According to Weatherford, during his elementary school years, Schomburg developed a passion for finding evidence in books about the African Diaspora and the cultural and historical contributions of people of African descent after he was told by his teacher they did not exist. Please forgive me here as I take a moment to connect Schomburg's passion and commitment to "the goals of his recuperation of a lost African past" to the inquiry process we strive to develop with sustained curiosity, original research, and sense of purpose in our students. This became Schomburg's life work, persevering through roadblocks and false narratives, he spent uncountable hours in book shops looking for any piece of writing that reinforced his goal and spurred on his desire to know more. Everything he found became part of a collection built over many years and which included pamphlets, books, and other ephemera that had been cast aside by white book shop owners and collectors who saw no value in the story Schomburg was seeking to tell. He realized in his "book hunting"  that no one volume would tell the whole story.

Schomburg came to New York from Puerto Rico with the career goal of obtaining a law degree, although the lack of educational credentials kept him from this goal.  He worked in various capacities in law firms but his true profession was as the architect of a narrative based on the idea that this history must "restore what slavery took away." The manipulation of "knowledge" to preclude the black history narrative meant he had to dig through the books and visual arts to find the experiences of people who were continually buried and marginalized. Schomburg was active in organizations that fostered research as part of the "black-popular-history project" that emerged in the early part of the 20th century. With the end of World War I and a resurgence of the black liberation movement along with the Harlem Renaissance, Schomburg became a renowned author and scholar, widely sought after for his insights into black culture and history. He argued for the "spiritual nourishment of our cultural past so that youth can be nourished on its own milk." Schomburg believed that the increased body of knowledge, scholarship, and growing archival evidence would require the rewriting of a "common American history." He was especially critical of the way historians represented the contributions of black figures like Phillis Wheatley and Frederick Douglass.

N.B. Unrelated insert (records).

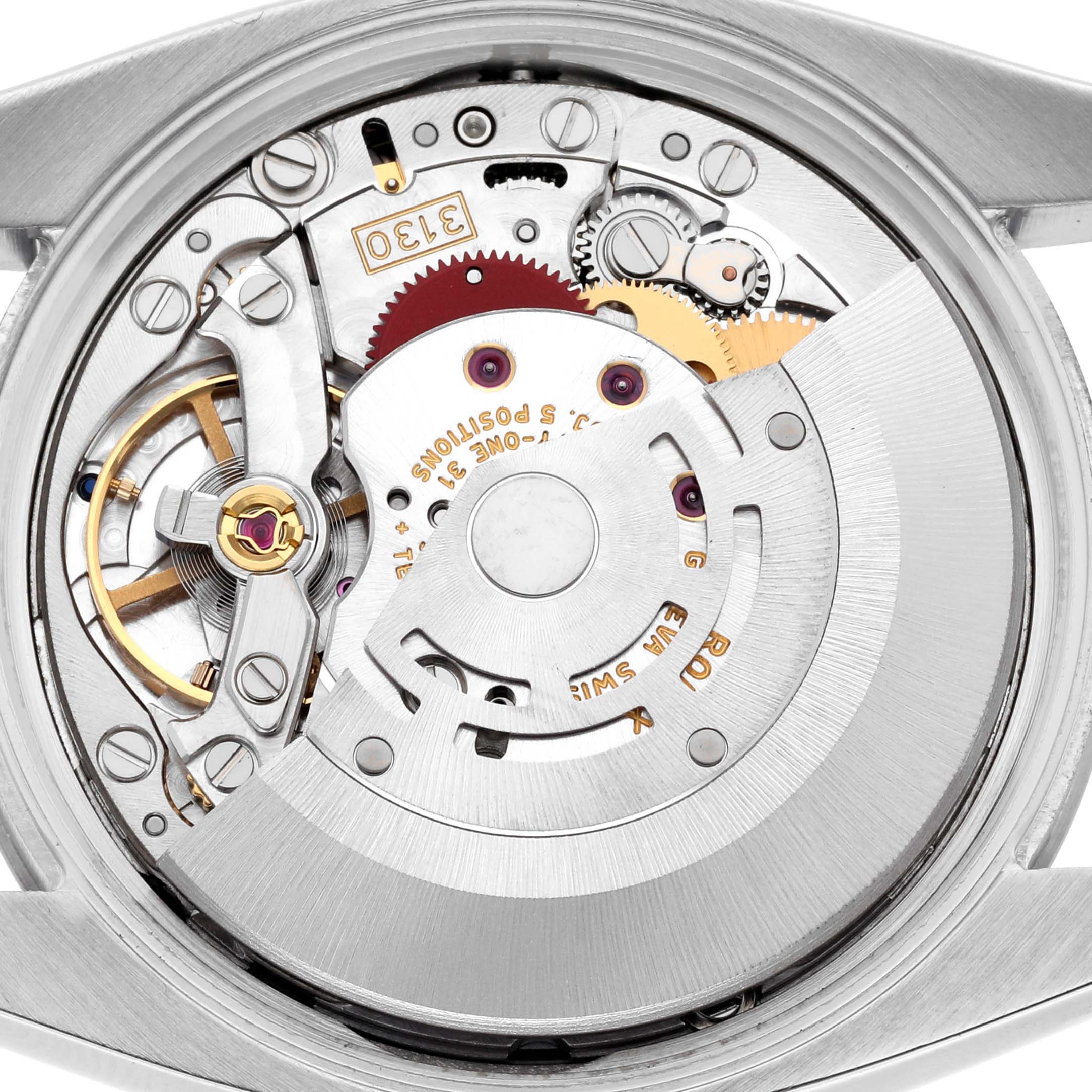 The Rolex Air-King 114210 Men's Stainless Steel Silver Dial 114210 Men's Stainless Steel Silver Dial watch is shown from the back, revealing its intricate mechanical movement.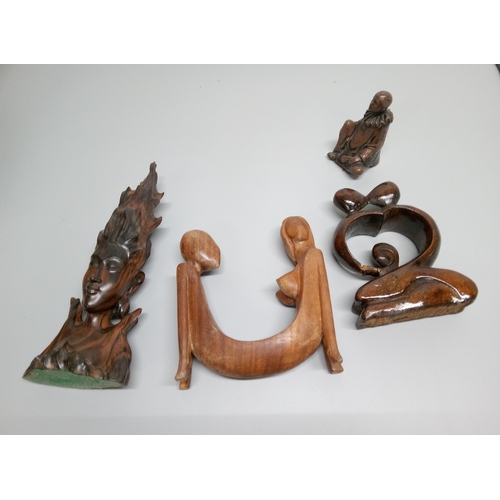 918 - Selection of Wooden and Resin Figures including a resin clown, 2 wooden carved couples and a Bali go... 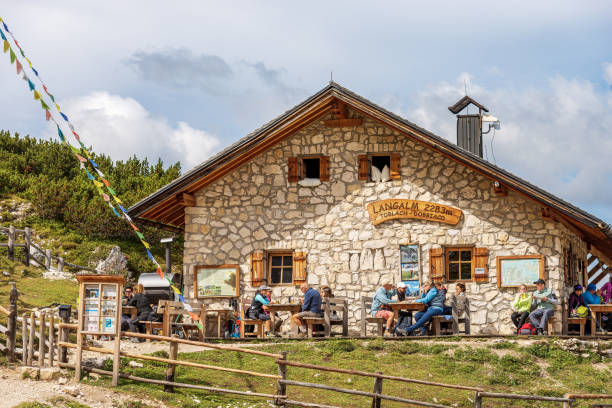 Alpine Mountain Hut Malga Grava Longa or Langalm Hutte - Tre Cime di Lavaredo Dobbiaco, Italy - Sept 7, 2021: Alpine mountain hut called Malga Grava Longa or Langalm Hutte, 2283 m., in front of Tre Cime di Lavaredo or Drei Zinnen (three peaks of Lavaredo), Dolomiti di Sesto Natural Park, Dobbiaco or Toblach, Trentino Alto Adige, Italy, Europe. A large number of hikers have lunch outside the hut on a sunny summer day. trentino south tyrol stock pictures, royalty-free photos & images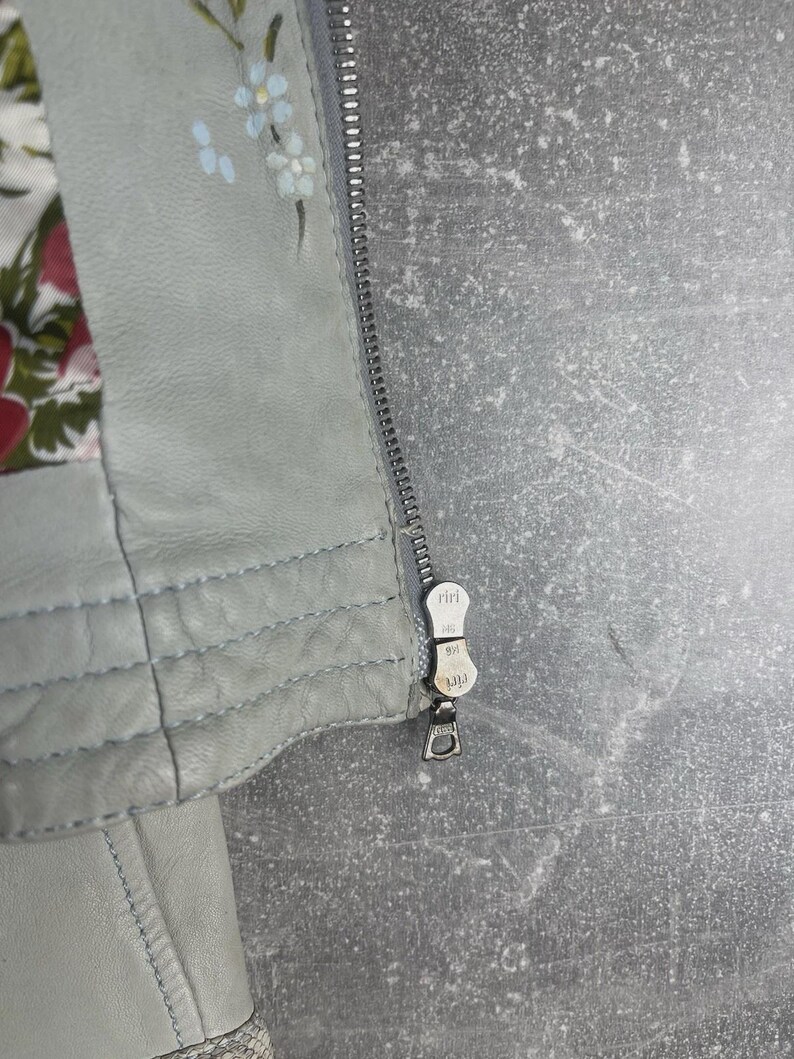 Peut inclure: Gros plan sur une veste en cuir gris clair avec une fermeture &eacute;clair argent&eacute;e. La veste pr&eacute;sente des d&eacute;tails floraux peints &agrave; la main en bleu et blanc. La doublure int&eacute;rieure affiche un motif floral rouge, rose et vert.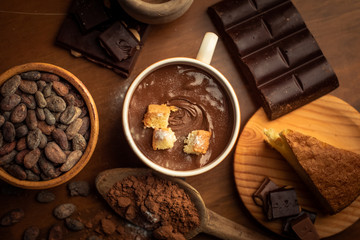 chocolate on cup, chocolate bar, cocoa beans, cocoa powder on wood table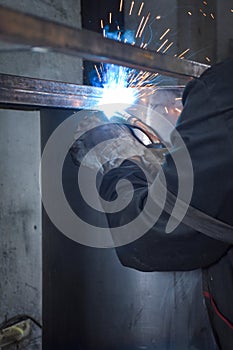 A Worker, welder in work clothes, construction gloves and a welding mask is welded with a welding machine metal product table,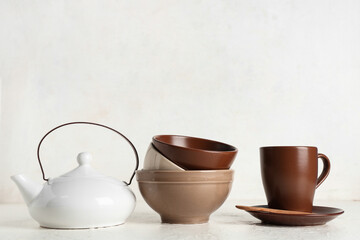 Stack of brown clean tableware and teapot on white background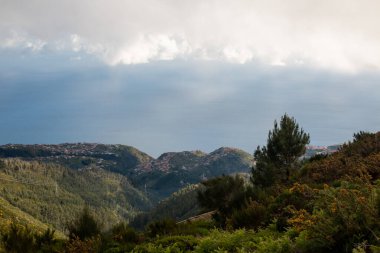 Dağlar taze yeşilliklerle kaplı. Bir bahar akşamı üzerlerinde bulutlar vardır. Risk Calheta, Miraduro do Rabacal, Madeira, Portekiz.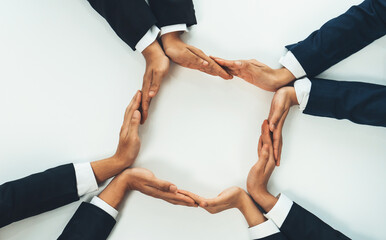 Business people collaborate business synergy and cooperation, join hand as frame around empty blank...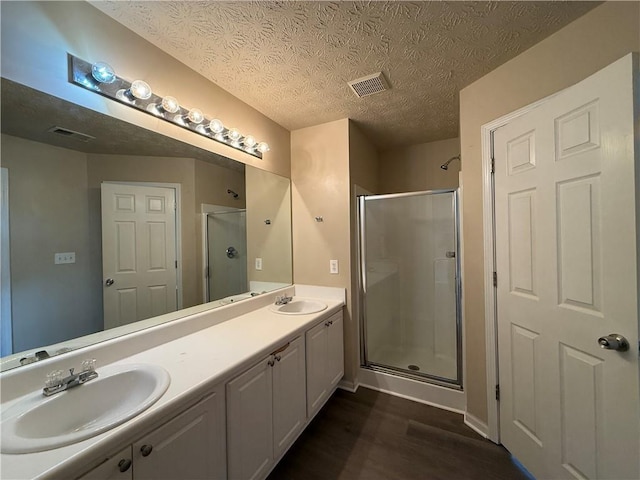 full bathroom with wood finished floors, visible vents, double vanity, a sink, and a shower stall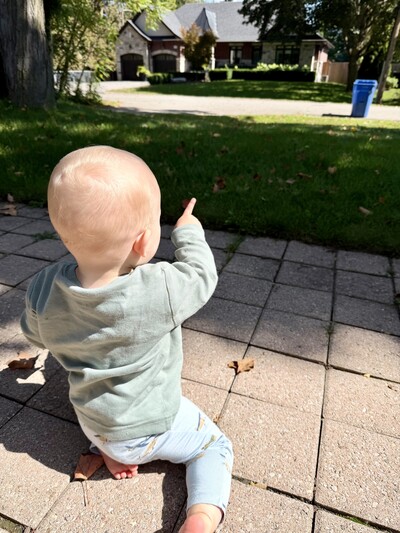 Infant pointing at the grass during an outdoor speech therapy session.  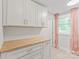 Laundry room features updated cabinetry, countertop, and window at 1832 Montclair Ave, Gastonia, NC 28054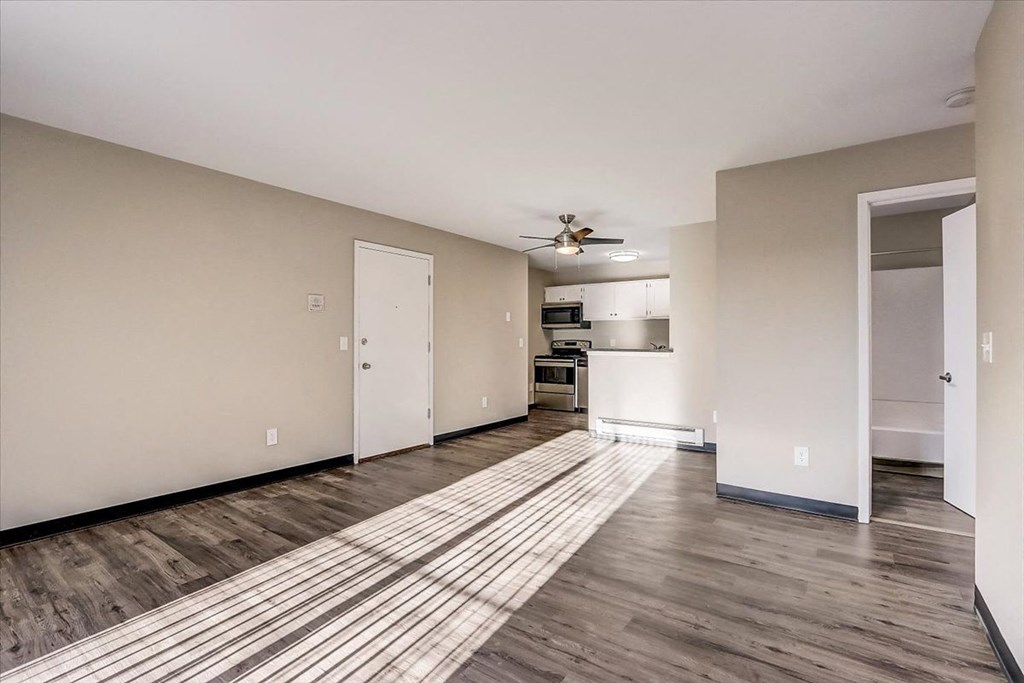 an empty living room and kitchen with a ceiling fan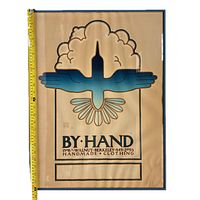 Photo of framed By Hand Berkeley clothing shop poster showing bird image, text and frame.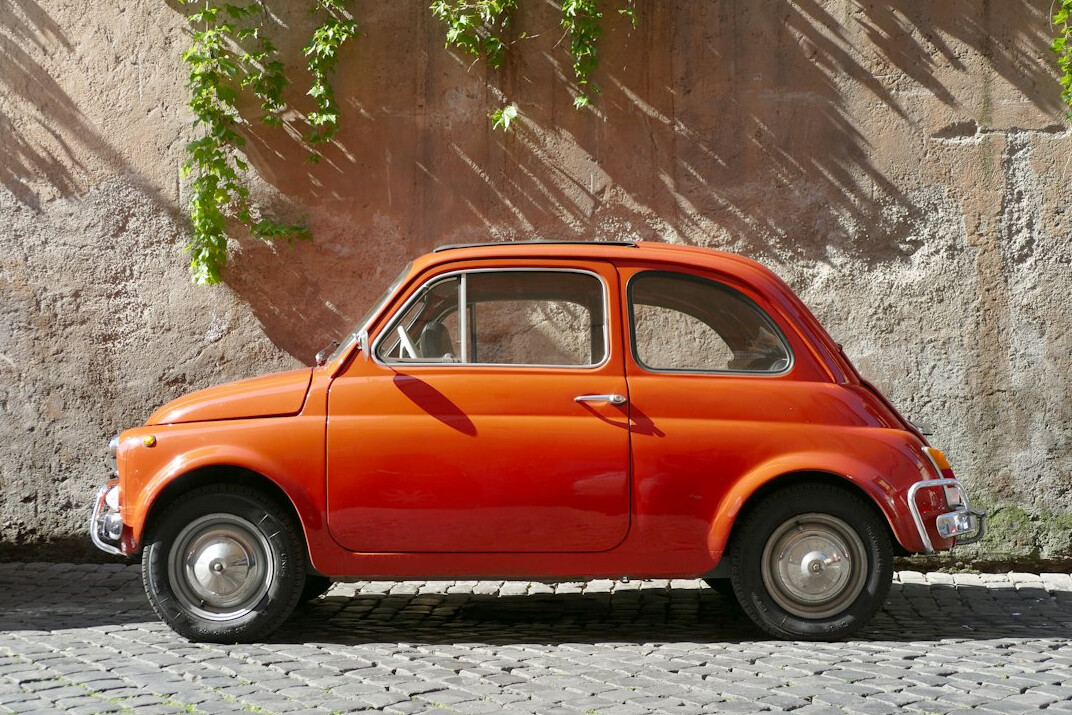 Red vintage Italian sports car parked on an open road
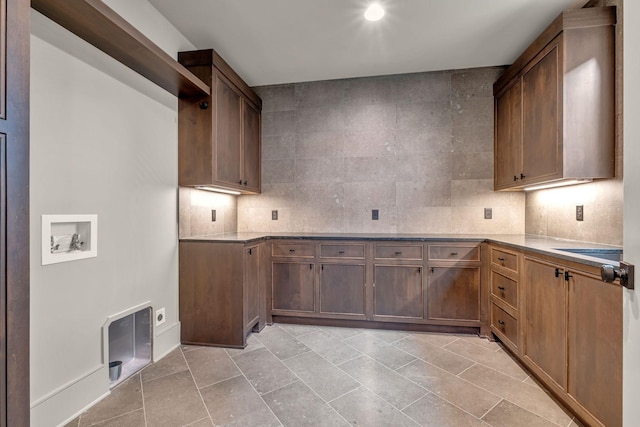 128 Alton Rd, Nashville, TN 37205 - laundry room featuring electric dryer hookup, hookup for a washing machine, and cabinet space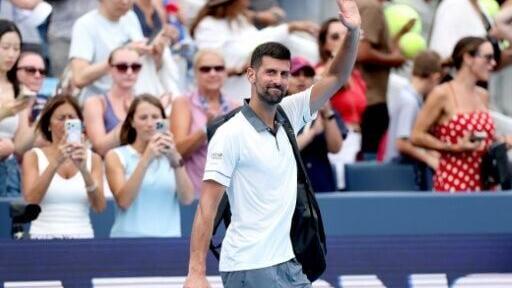 Novak Djokovic departs Stadium Court in Cincinnati after falling in his opening match to Thiago Tirante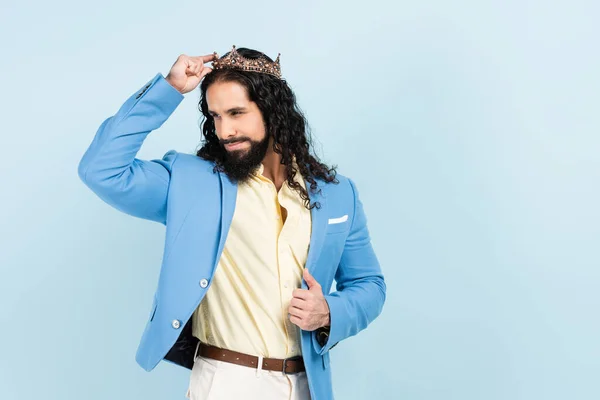 Hombre hispano barbudo sonriendo y llevando corona aislada en azul — Stock Photo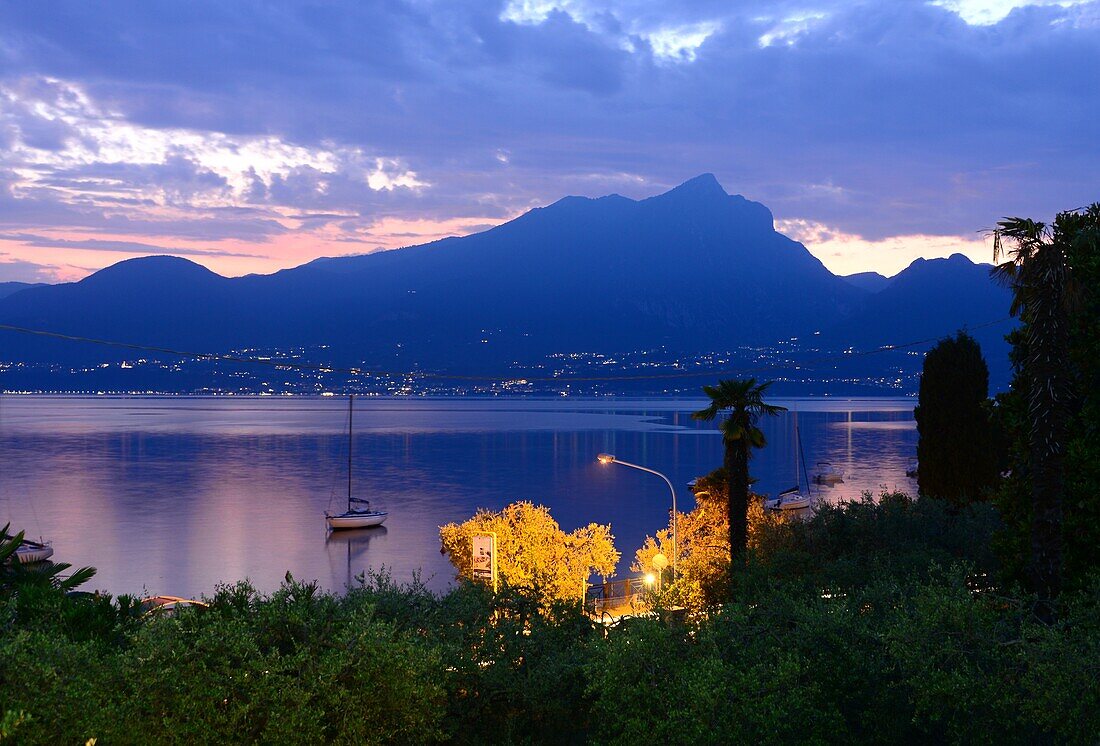 Evening view in Torri del Benaco to the west bank at Salo, east bank, Lake Garda, Veneto, Italy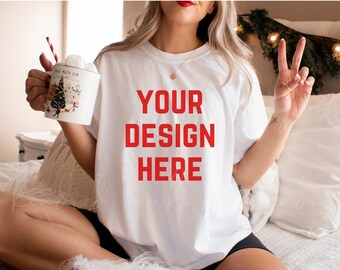 May include: White t-shirt with the text "YOUR DESIGN HERE" in red letters.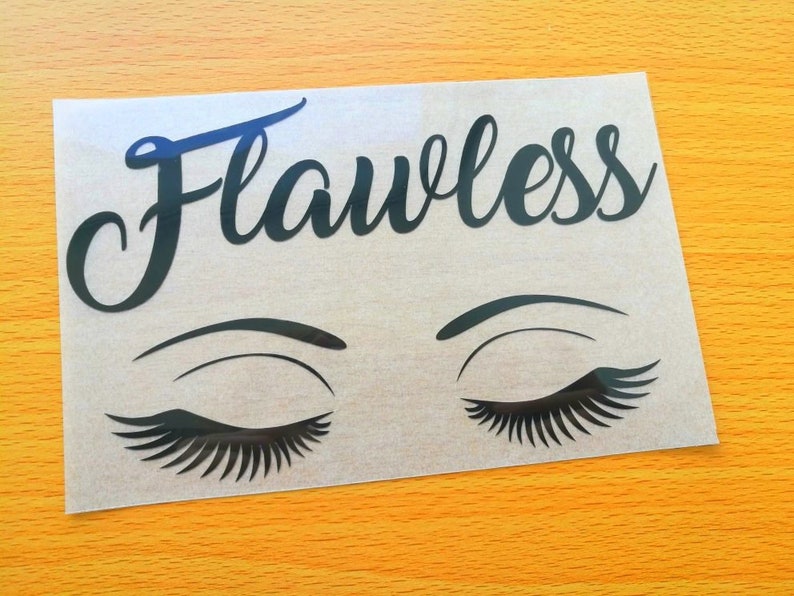 May include: A black vinyl decal featuring the word "Flawless" in elegant script above a pair of closed eyes with long eyelashes. The decal is on a transparent backing, set against a yellow-orange surface.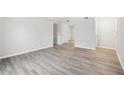 Neutral living room with wood-look flooring, base molding, and light gray walls at 5560 Kingsport Ne Dr # 27, Atlanta, GA 30342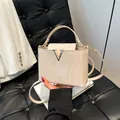 Chic cream crocodile pattern tote bag with silver V buckle on a luxury sofa setting - Beige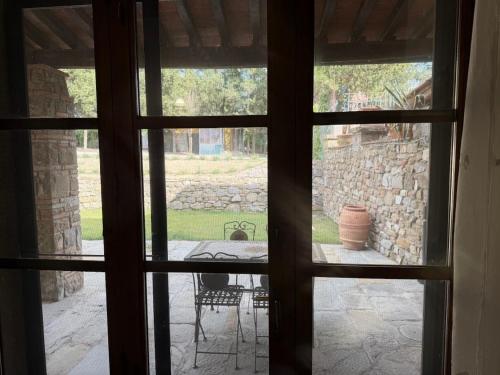 a view through a window of a patio at Agriturismo Amici Miei in Marliano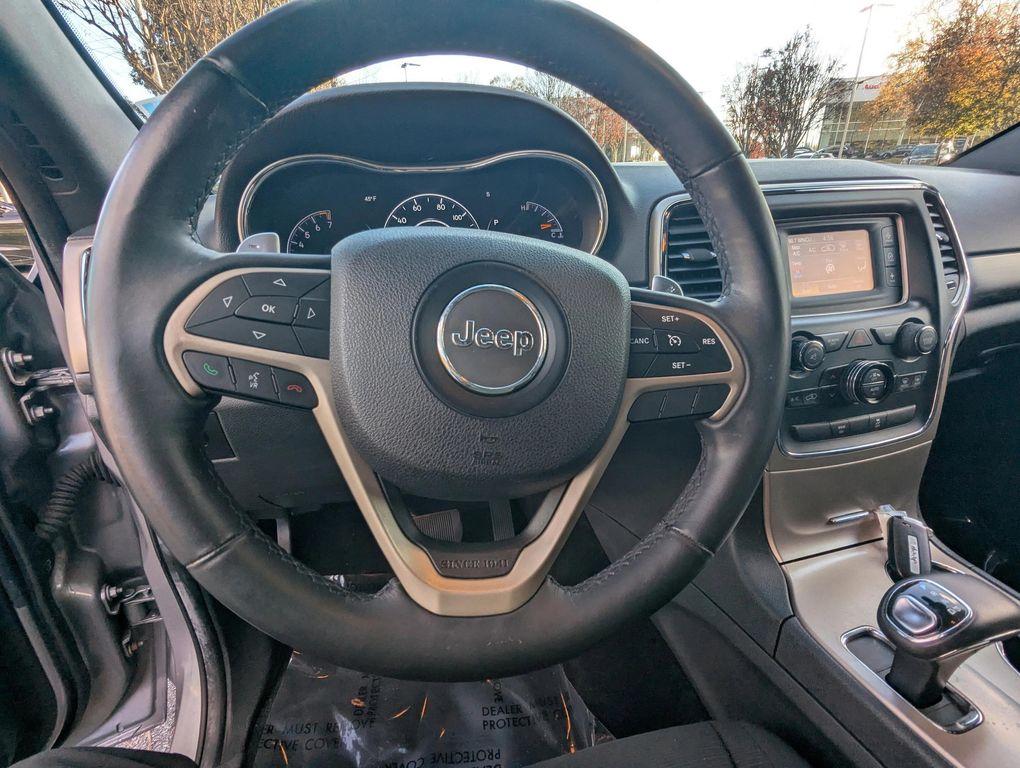 used 2014 Jeep Grand Cherokee car, priced at $11,577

To truly understand the importance of Schomburg would require years of research and many more pages than one would want to read as a blog post, thus the "wizardry of the picture book" which excels in the remarkable economy of telling a story through the twin arts of visual and textual storytelling. If we can take away two important lessons from Schomburg though they would be, that curiosity fosters persistent research to build knowledge and develop deeper learning, creating new knowledge and ideally changing our understanding and our world view. The second, this is the work of a lifetime and can lead to unexpected and impactful consequences. We must also acknowledge that while we are reaching the end of Black History Month, Schomburg has taught us that there is no end, there is one more book to find, a pamphlet to read, artwork to view that we have yet to discover in a historic and cultural narrative that has systematically been negated by the dominant culture. This is the work of our lifetime, to acknowledge that what we know as the "American story" is not neutral or innocent and that we like Schomburg must be persistent and sustain the work of bringing in to the light the story of black people and culture which in truth is the antecedent of all other American history narratives. 

Holton, Adalaine. “Decolonizing History: Arthur Schomburg's Afrodiasporic Archive.” The Journal of African American History, vol. 92, no. 2, 2007, pp. 218–238. JSTOR, www.jstor.org/stable/20064181. Accessed 25 Feb. 2021.

Weatherford, Carole B., and Eric Velasquez. Schomburg : the Man Who Built a Library. Candlewick Press, 2017.